Python function to scrape data from the rightmove.co.uk property website, and save the results in a formatted CSV file for analysis.
This project originated when my sister was considering moving to London from Beijing and asked me how much she could expect to pay in rent for a 1-bedroom flat. I was about to say how much I currently pay and offer some baseless conjecture as to what I thought was roughly average, but I decided to try and find some hard data instead. After googling and coming up with some aggregate stats but no raw data, I wondered if I could turn this into a learning project to gain some new Python skills. I also happen to work in the property sector, and my company posts property listing on the rightmove.co.uk website, so I thought I could also tie it into my job by analysing the listings posted on that website.
The function I have written uses the lxml and requests libraries to scrape data from the website. The steps to use the function are:
- Go to rightmove.co.uk and perform whatever search you are interested in. For my purposes to answer my sister's question I have been searching for all rental residential properties in London.
- After pressing search on the website you'll be shown the first page of matching results. Now copy and paste the full long URL from this page and set it as the first argument in the function.

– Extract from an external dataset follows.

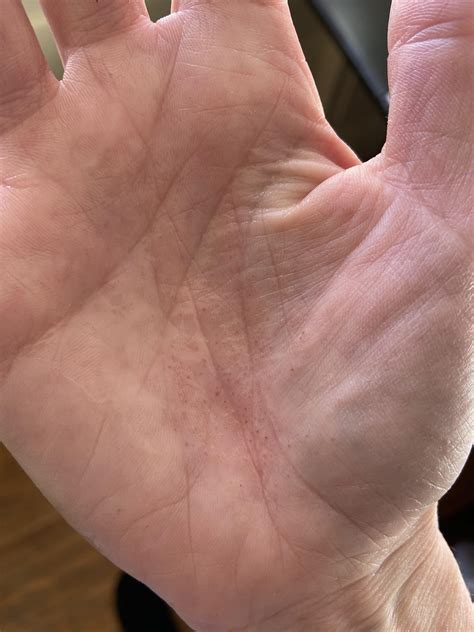 Is This Rash On My Palm A Celiac Symptom Rceliac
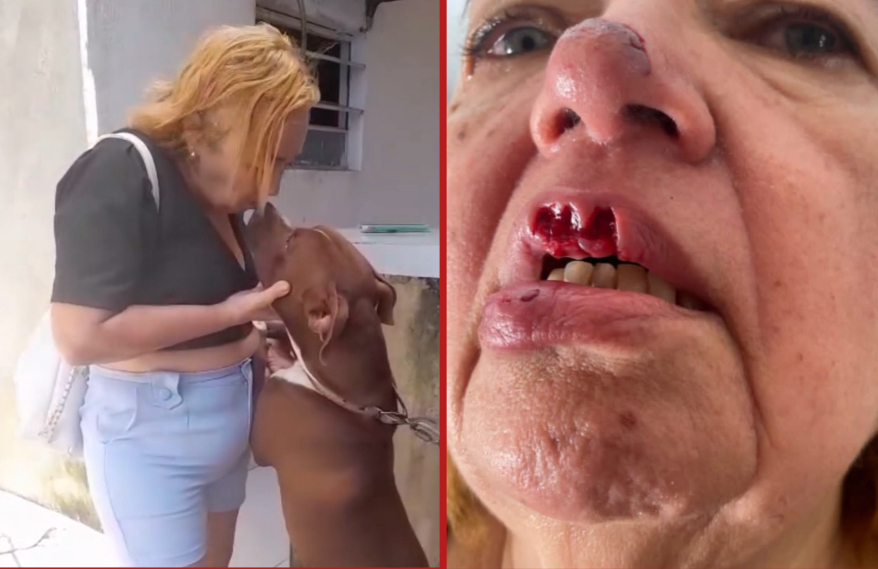 Woman bitten in face after trying to kiss pit bull - Brazil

- For the function's second argument pass a string value of either 'rent' or 'buy', reflecting whatever it is you searched for.
- Run the function and when finished it will output a time-stamped CSV file with all the results in columns showing:
- price
- type (i.e. studio, 1-bed, flatshare, etc.)
- address
- url of individual property listing
- postcode
- number_bedrooms
- search date
The 'postcode' and 'number_bedrooms' columns are extracted from the 'address' and 'type' columns respectively using regular expressions, where possible, so will probably not be complete for every record.
- function_with_instructions.ipynb The function itself with explanation, example use, and error checking options.
- rightmove_results_2016_10_07 17 00 01.csv Results from the example in the function workbook.
- analysis.ipynb Example analysis of results pulled from a search of London rental properties added over a 24 hour period, using the pandas package. I use an additional resource of all London postcodes to identify the London borough of each property listing (where possible from the postcode), and then summarise the results for 1-bedroom properties by borough; thus answering my sister's question!
- london_postcodes.csv File of all London Postcodes which is used in the analysis workbook.
- london_data_script.py Example of a full scipt that can be run from the terminal, which will scrape all London properties added to rent or buy in the past 24 hours.
- london_buy.csv Example output from the script of London properties to buy.
- london_rent.csv Example output from the script of London properties to rent.
- <a href 'https://github.com/woblers/right_move_web_scraper/blob/master/html.txt'>html.txt Example output of the full html file from the error checking code.
I have some ideas to use this code and develop the project further, time permitting, including:
- Schedule a script to run every night collecting all new listings added that day, and upload them to a simple mysql database. This would allow for analysis of long-term property trends, and the data could be used by developers to identify hotspot areas, or by purchasers to find value in the market.
- Write an additional script to create alerts when new properties are added meeting a specified criteria.
- When collecting the results, iterate through each individual url to try to find longitude and latitude coordinates for each listing. This would take more time to run, but would be worth it to create maps visualising property prices and trends, e.g. using folium.
- Write scripts/functions for alternative property listing websites to aggregate more market data.